* [Problem requirements]: Pictures aside, return every line below exactly as written.
*** Opening of Information provided ***
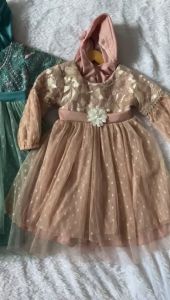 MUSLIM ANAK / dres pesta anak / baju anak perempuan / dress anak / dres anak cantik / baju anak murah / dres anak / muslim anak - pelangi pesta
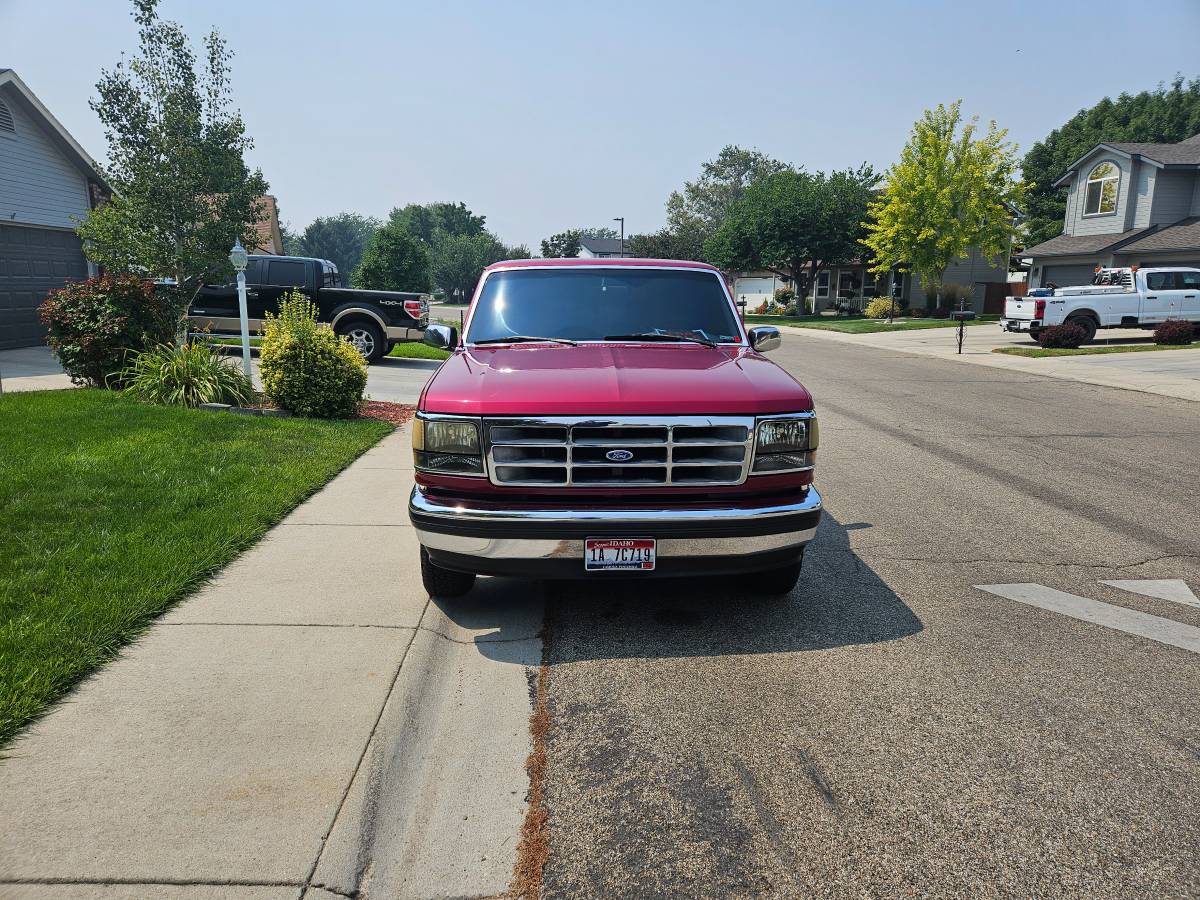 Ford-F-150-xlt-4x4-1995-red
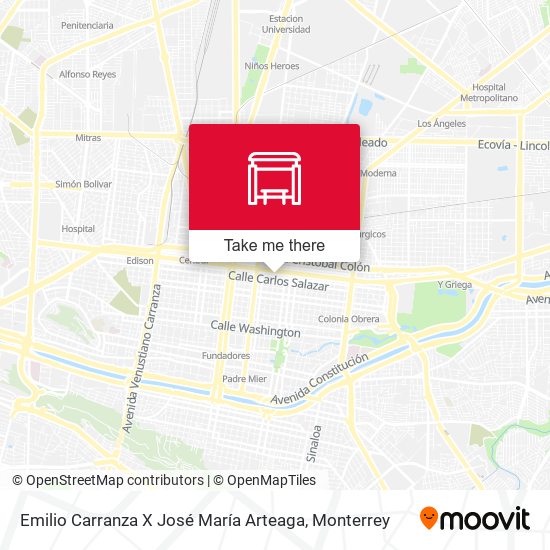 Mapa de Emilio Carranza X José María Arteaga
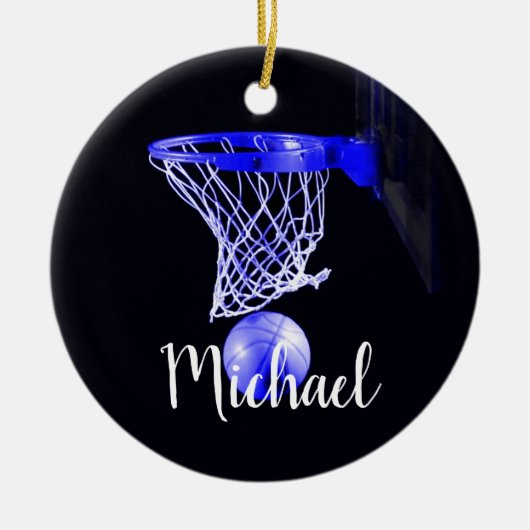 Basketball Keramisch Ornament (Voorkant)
*** Close of Information provided ***
* [Final answer]:
 MUSLIM ANAK / dres pesta anak / baju anak perempuan / dress anak / dres anak cantik / baju anak murah / dres anak / muslim anak - pelangi pesta
 Ford-F-150-xlt-4x4-1995-red
 Mapa de Emilio Carranza X José María Arteaga
 Basketball Keramisch Ornament (Voorkant)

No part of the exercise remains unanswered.